Another comparison can be done with the study Mejía-Veintimilla et al. (2019), who used the SCS-CN method in the Runoff Prediction Model and obtained NSE values of 0.82 using a physically-based model fed by high-resolution meteorological radar data for a small area (5 km2) Andean basin. Although the authors employed physically-based models and more precise precipitation information, the NSE values derived from our models demonstrate the utility of our methodology for developing forecasting models in precipitation-ungauged basins through the exploitation of non-validated satellite precipitation products. This finding matches with the insights provided in the study of Kratzert et al. (2019), which indicates that physically based models and data-driven models are both effective for predicting runoff. However, data-driven models have the added advantage of being able to transfer model parameters to other ungauged basins that share similar biophysical characteristics. This allows for a more efficient and cost-effective approach to runoff forecasting in ungauged basins, where ground observations are often limited or unavailable.

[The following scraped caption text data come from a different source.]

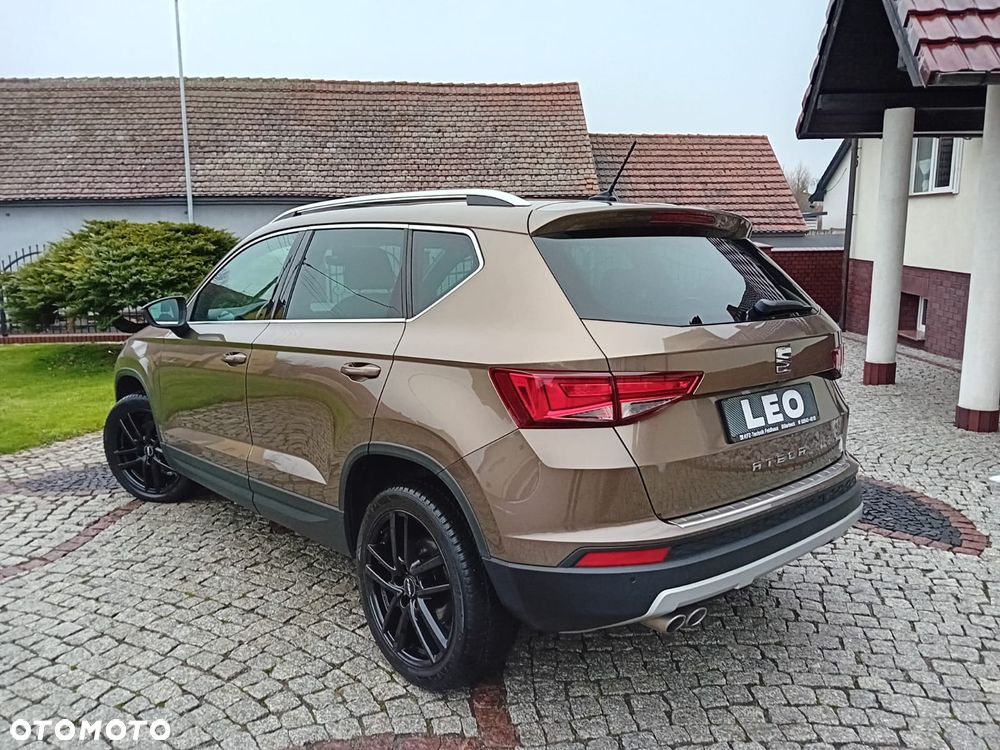 Seat Ateca 2.0 TDI 4Drive DSG XCELLENCE - 17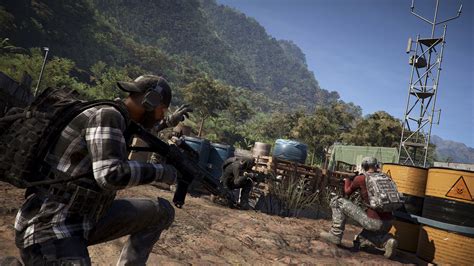 Ghost recon wildlands pc how to save game - holdenny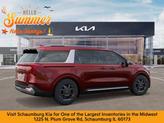 Thumbnail of 2026 Flare Red Kia Carnival Hybrid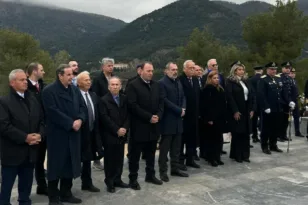 Ανδρέας Κατσανιώτης : «Πίστη ενότητα και ελευθερία οι διαχρονικές αξίες του Έθνους μας»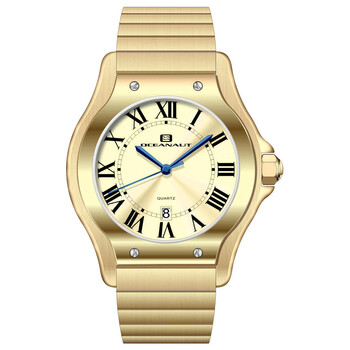 Rayonner Gold-tone Dial Men's Watch OC1393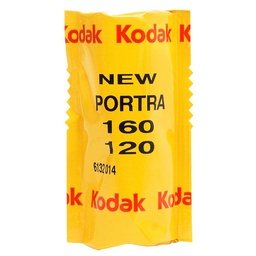 Kodak Portra 160 120  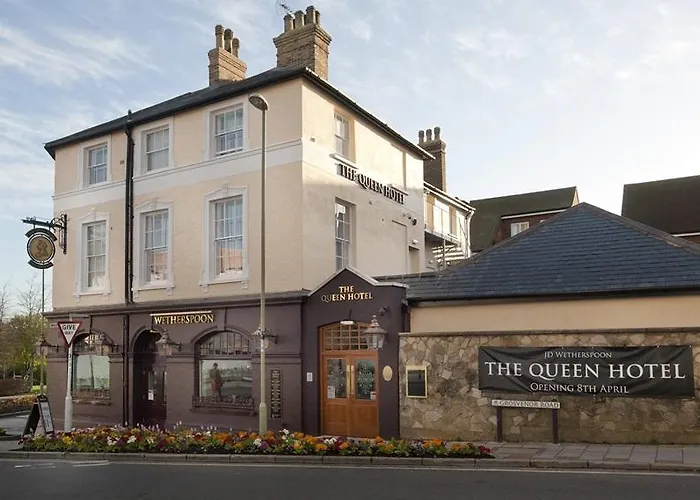 The Queen Hotel Wetherspoon Aldershot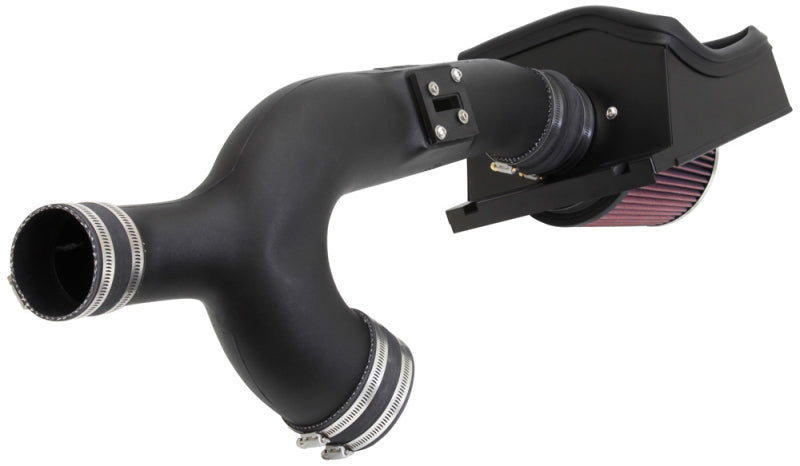 K&N 11-14 Ford F-150 3.5L V6 Performance Intake Kit-SR1 Performance
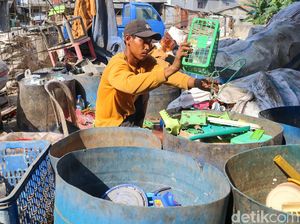 Industri Daur Ulang Sampah Menanti Insentif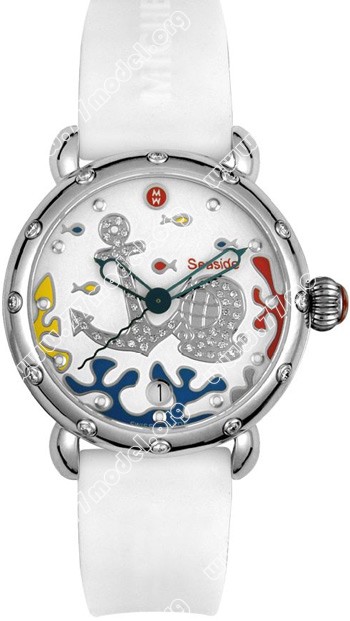 Replica Michele Watch MWW05A000100 Anchor Ladies Watch Watches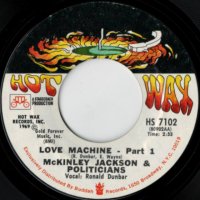Love Machine (pt.1) / (pt.2)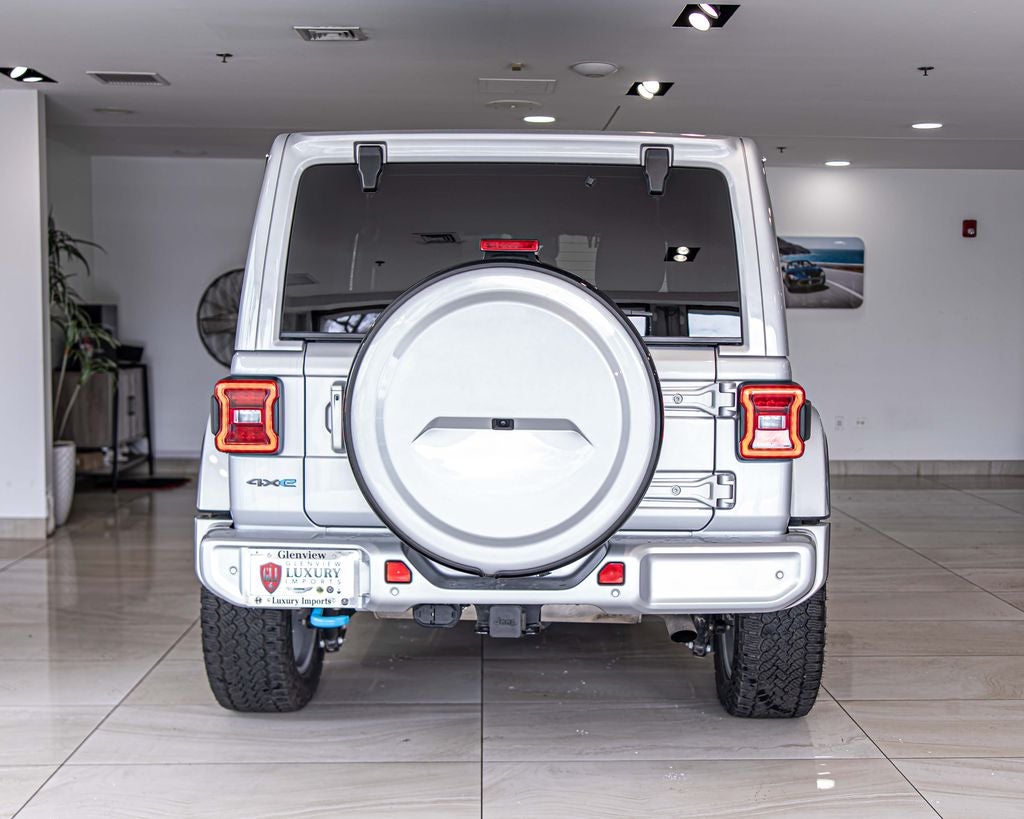 2024 Jeep Wrangler High Altitude 4xe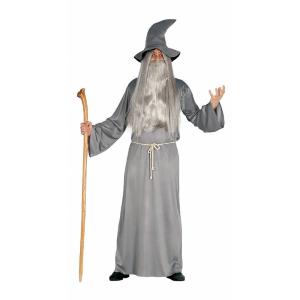 COSTUME MAGO ADULTO TAGLIA L 52-54 GANDALF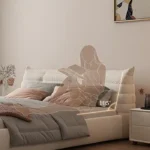 Metropolitan Scandinavian Bed - Image 4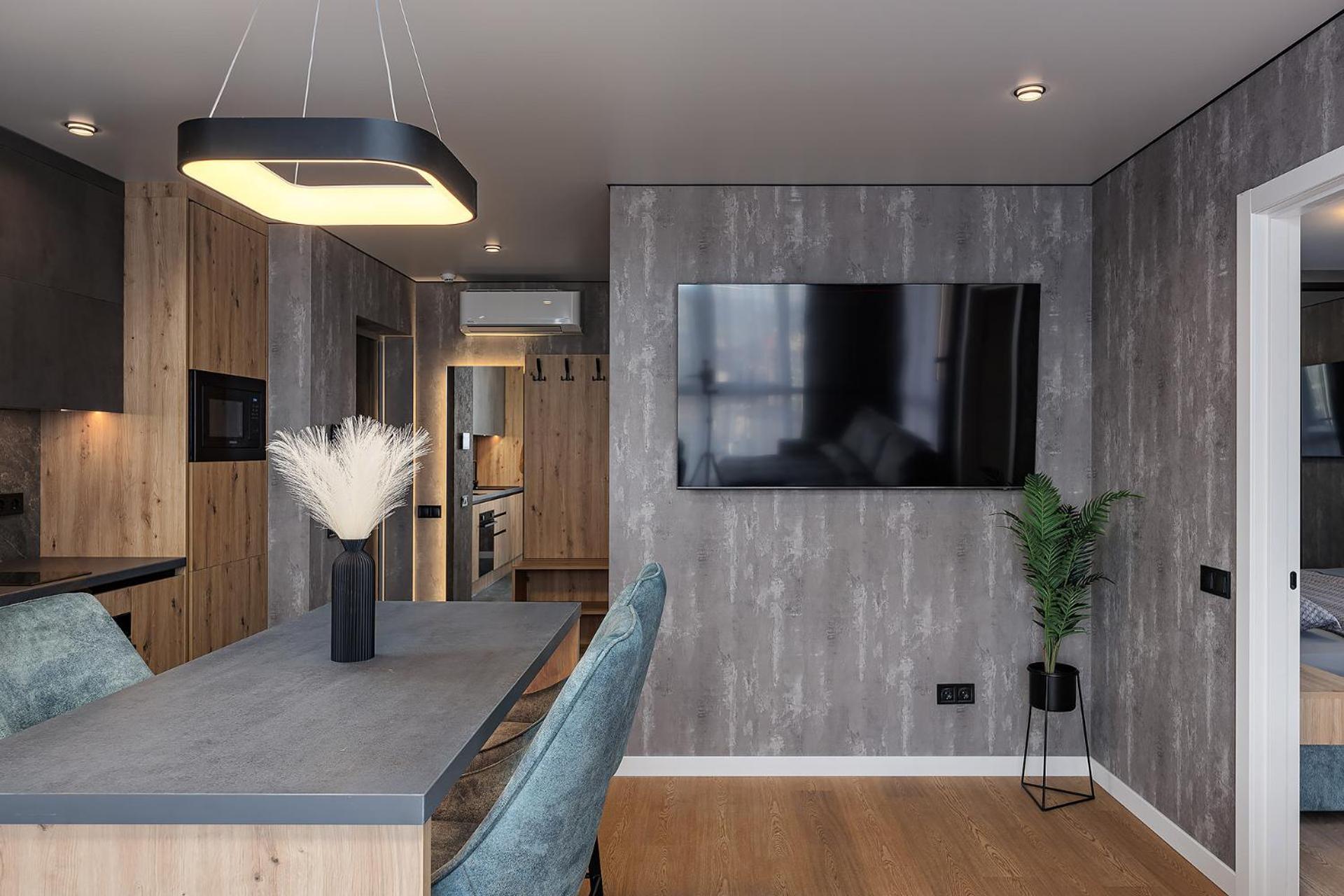 Milavibe Apartments With One Bedroom Lviv Eksteriør bilde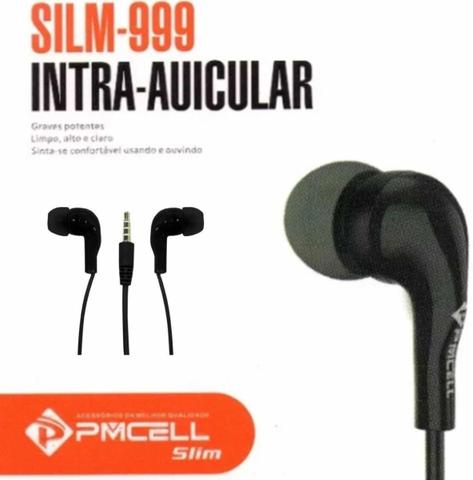 Fone de Ouvido Altomex **-auricular Com Fio Android celular - Foto 3
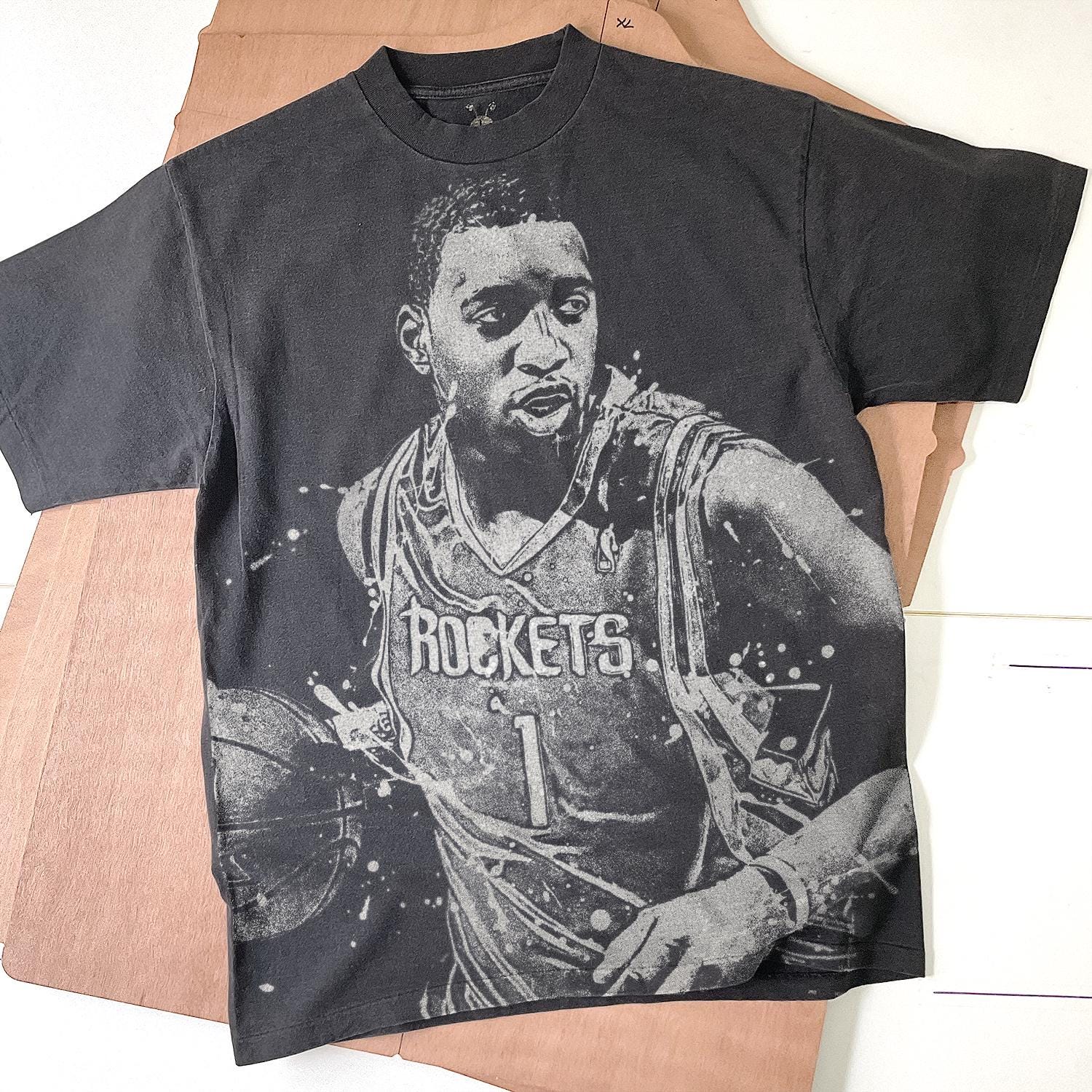 Tracy mcgrady tshirt - Etsy 日本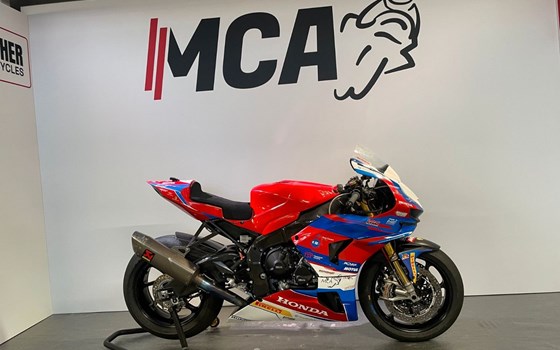 Gebrauchtmotorrad Honda CBR1000RR-R Fireblade - Bild 9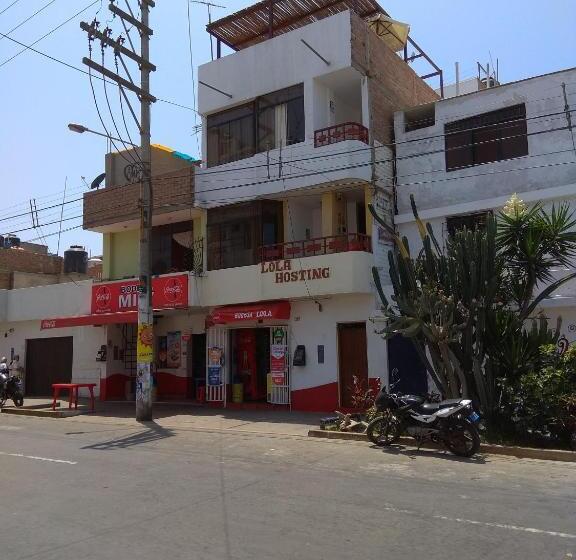 Pension Lola Hosting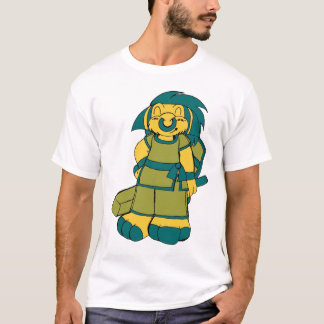 Swordmen LJ T-Shirt. T-Shirt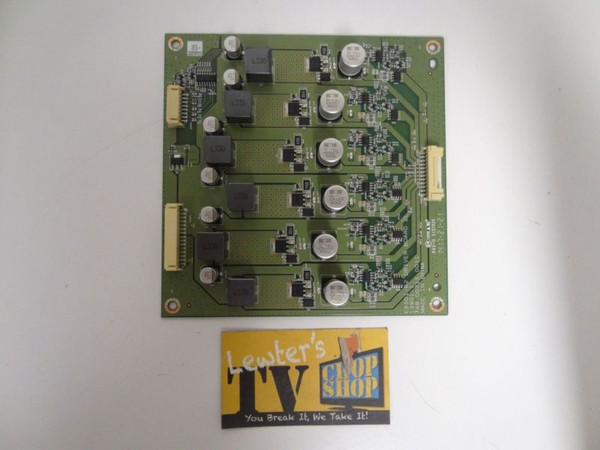 Vizio E650I-B2 LED Driver 755.00302.A002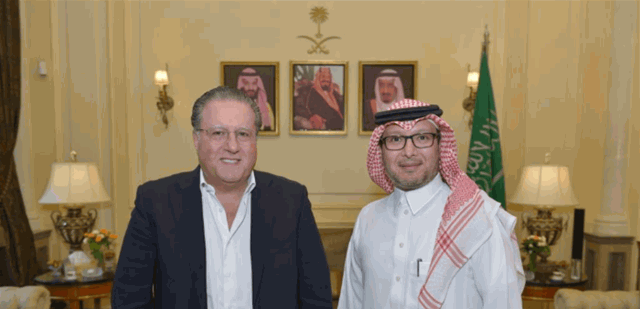 بخاري: نتمنى توافق القوى السياسية اللبنانية لإنجاز إنتخاب رئيس للجمهورية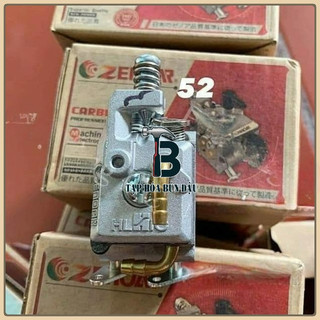 Chế hòa khí (bình xăng con) máy cưa xích 5200 5900 hãng ZENOAR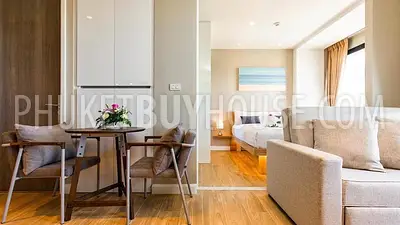 BAN22463: Modern 33m² Apartment Near Bang Tao Beach - Fully Furnished Resale. Photo #10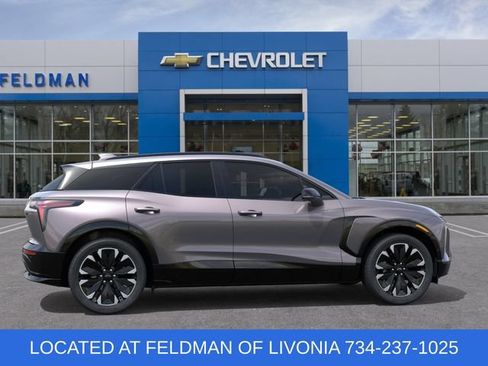 Used 2024 Chevrolet Blazer EV RS AWD/4WD image 5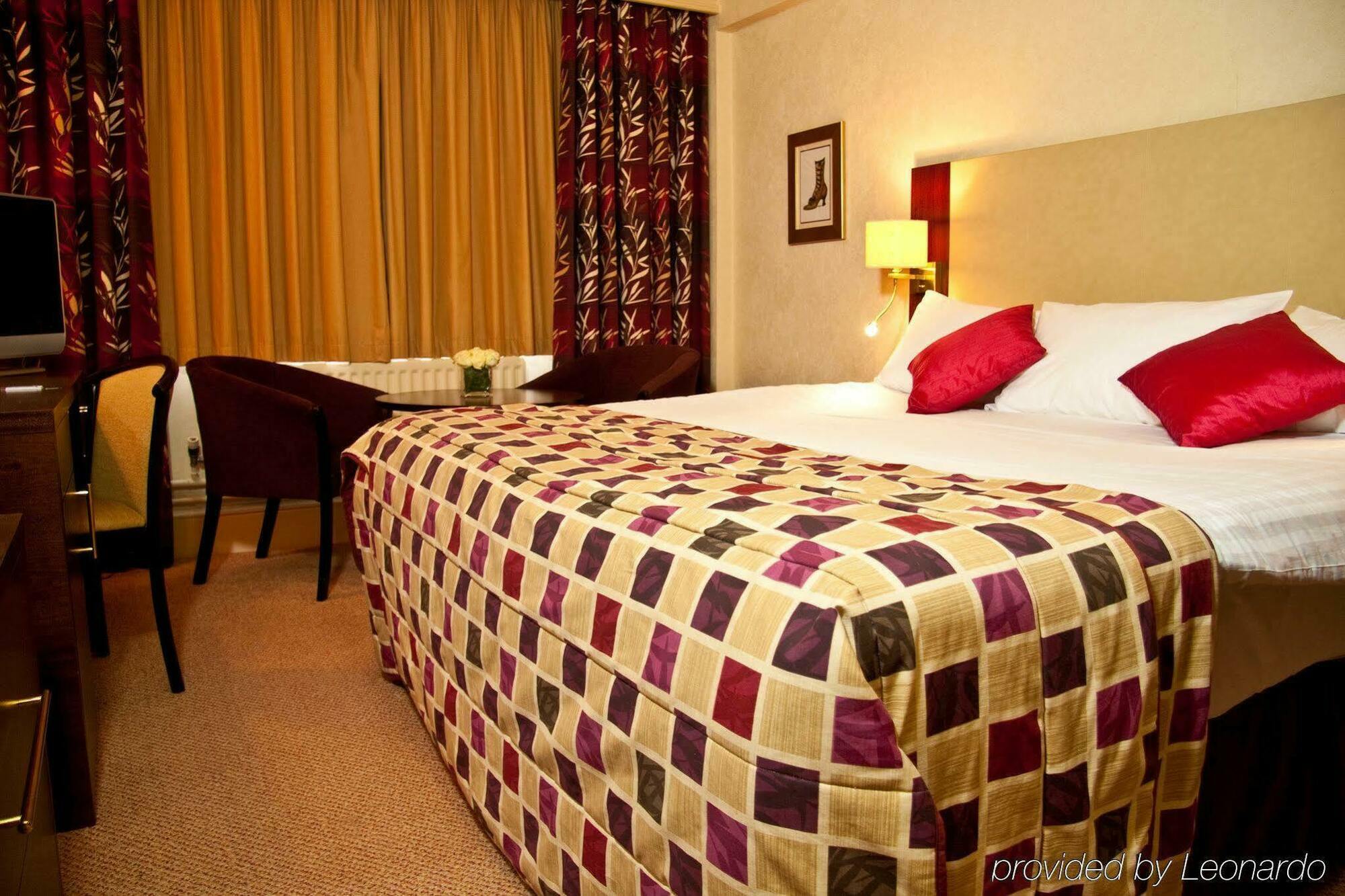 Mercure Daventry Court Hotel Exteriör bild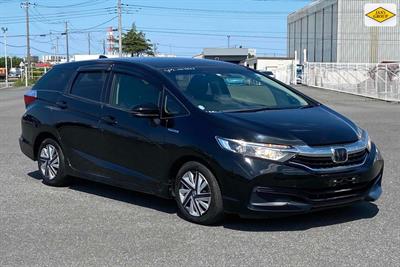 2017 Honda Shuttle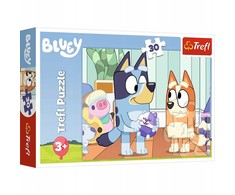 Trefl Dėlionė 30 vnt. - Bluey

Furthermore, the efficiency evaluation of our models indicated that the main differences between the LSTM specialized, and referential models were found in the calculated PBIAS, a critical parameter for preventing underestimation of forecasted runoff values. This finding is particularly significant for closing hydrological balances, given that the LSTM specialized models produced accumulated water amounts that were close to the observed runoff values. These results suggest that it may not be necessary to add mass conservation equations to LSTM models, as concluded by Frame et al. (2022) who found that adding mass balance constraints actually reduced the model's skill during extreme events. These findings contribute to the ongoing debate about the most effective ways to incorporate physical constraints into data-driven models and can guide future research in this area.
Another important finding is related to the practical and simple method for improving the runoff forecasting models using the SCS-CN method which could be derived from open-source geographical information and GIS tools. The inclusion of information about the soil types, LULC, and topography, among other features related to runoff generation, showed important improvements in hydrological modeling and runoff forecasting (Mahmoud, 2014; Asadi et al., 2019; Huang et al., 2019; Meresa, 2019; Kwon et al., 2020). Here, the performance of the specialized models reflected the importance of the inclusion of this information in an interpretable way for data-driven models, in this case through the SCS-CN method. However, according to the limitations of the SCS-CN method due to is considered under an empirical approach, its application in complex basins should be reviewed to avoid inconsistencies. Furthermore, future research can be focused on improving the inputs for developing these FE strategies proposed with more recent and better resolution of geographical information.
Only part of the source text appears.